If I'm not mistaken, the proxy factory already uses the bean factory's classloader, so it would only be a matter of creating a new classloader inside AbstractContextLoader#prepareContext(ConfigurableApplicationContext, MergedContextConfiguration) with ClassUtils.getDefaultClassLoader()
as its parent.
@grubeninspekteur Switching the ClassLoader
used to create the cglib classes will cause ClassCastException
s to be thrown unless the entire application uses the new ClassLoader
which will likely lead to other problems.
Related issues:
- #27375
- #27395
Closing this one based on the assumption that #27375 covers all occurrences of this leak (as a regression in the 5.3.x line). Please give the 5.3.10 release a try, it's available in snapshots already and will be officially released tomorrow!
@jhoeller Unfortunately, it does not appear to have fixed this specific issue. Updating the original sample to use Spring 5.3.10 does not resolve the issue. I've put together a branch named spring-5.3.10 that demonstrates it is not fixed. If you run ./gradlew check
you will see lots of failed tests (expected) and then eventually you will start getting out of memory errors. I haven't looked into if anything has changed from the previous assessment, but the take away at this point is the tests still produce out of memory errors.
Can we please reopen the issue?
Thanks for trying out the sample against 5.3.10 and providing that branch.
We'll look into it.
It seems I confirm leak in branch named spring-5.3.10
MacBook-Pro-Nikita:~ nkonev$ uname -a
Darwin MacBook-Pro-Nikita.local 20.6.0 Darwin Kernel Version 20.6.0: Wed Jun 23 00:26:31 PDT 2021; root:xnu-7195.141.2~5/RELEASE_X86_64 x86_64
I started App in IntelliJ IDEA (only changed repositories in build.gradle to mavenCentral()), then
while(true) do curl -i 'http://localhost:8080'; done
about after 20 minutes I saw
I also took heapdump and uploaded onto my hosting.

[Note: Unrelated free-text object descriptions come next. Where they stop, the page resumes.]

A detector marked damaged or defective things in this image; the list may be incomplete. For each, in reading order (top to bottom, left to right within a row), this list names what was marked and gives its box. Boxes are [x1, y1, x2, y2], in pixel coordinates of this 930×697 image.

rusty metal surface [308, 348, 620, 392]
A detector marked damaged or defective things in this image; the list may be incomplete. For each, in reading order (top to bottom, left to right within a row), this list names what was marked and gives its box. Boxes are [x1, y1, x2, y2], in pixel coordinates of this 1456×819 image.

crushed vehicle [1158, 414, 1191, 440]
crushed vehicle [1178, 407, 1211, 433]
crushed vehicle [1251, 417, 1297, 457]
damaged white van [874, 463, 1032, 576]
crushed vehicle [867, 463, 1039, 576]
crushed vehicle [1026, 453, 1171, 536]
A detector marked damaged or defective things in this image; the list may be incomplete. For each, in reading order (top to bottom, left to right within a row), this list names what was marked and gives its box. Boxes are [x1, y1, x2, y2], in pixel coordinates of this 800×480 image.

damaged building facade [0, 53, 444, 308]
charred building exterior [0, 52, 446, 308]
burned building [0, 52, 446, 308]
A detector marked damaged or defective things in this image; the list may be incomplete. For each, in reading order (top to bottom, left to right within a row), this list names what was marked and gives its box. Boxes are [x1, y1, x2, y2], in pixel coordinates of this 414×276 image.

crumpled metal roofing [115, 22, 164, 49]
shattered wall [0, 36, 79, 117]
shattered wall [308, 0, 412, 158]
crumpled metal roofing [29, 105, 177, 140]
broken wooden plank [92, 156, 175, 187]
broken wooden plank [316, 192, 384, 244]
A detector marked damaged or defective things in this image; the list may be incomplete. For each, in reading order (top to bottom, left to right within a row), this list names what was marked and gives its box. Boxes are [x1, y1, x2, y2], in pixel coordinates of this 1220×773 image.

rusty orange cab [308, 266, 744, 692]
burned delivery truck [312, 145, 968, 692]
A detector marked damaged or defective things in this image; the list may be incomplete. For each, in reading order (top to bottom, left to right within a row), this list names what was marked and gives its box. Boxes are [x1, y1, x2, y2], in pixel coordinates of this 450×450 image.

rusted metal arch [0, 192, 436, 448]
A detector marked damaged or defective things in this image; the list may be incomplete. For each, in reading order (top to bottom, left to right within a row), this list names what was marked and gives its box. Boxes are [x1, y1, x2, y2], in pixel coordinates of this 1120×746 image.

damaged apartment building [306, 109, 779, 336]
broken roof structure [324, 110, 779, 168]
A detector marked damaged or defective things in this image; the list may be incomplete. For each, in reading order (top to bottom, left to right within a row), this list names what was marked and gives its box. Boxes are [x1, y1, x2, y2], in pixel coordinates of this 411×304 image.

I think this can be useful.
Thoughts:
- Are there Tomcat sessions, which can be created per each unauthorized request ?
Update 1:
I opened heapdump
Let's shrink session timeout: After setting
server.servlet.session.timeout=5s
in application.properties the picture after 20 minutes is better
Update 2:
Seems I tested the different case, sorry, hiding this.
The original was about tests ./gradlew check
but I tested like the 'production'.
For the interest - I can't reproduce it against 5.3.10 neither my Mac with ./gradlew check
nor Linux
Thanks for providing additional information @nkonev. I'm curious if you are able to reproduce the issue with the original application that was submitted. Perhaps you have GRADLE_OPTS environment variable specified which is providing a larger amount of memory to the application?
./gradlew check
runs for me but slows down and eventually hangs at around 300 tests ran due to running out of memory.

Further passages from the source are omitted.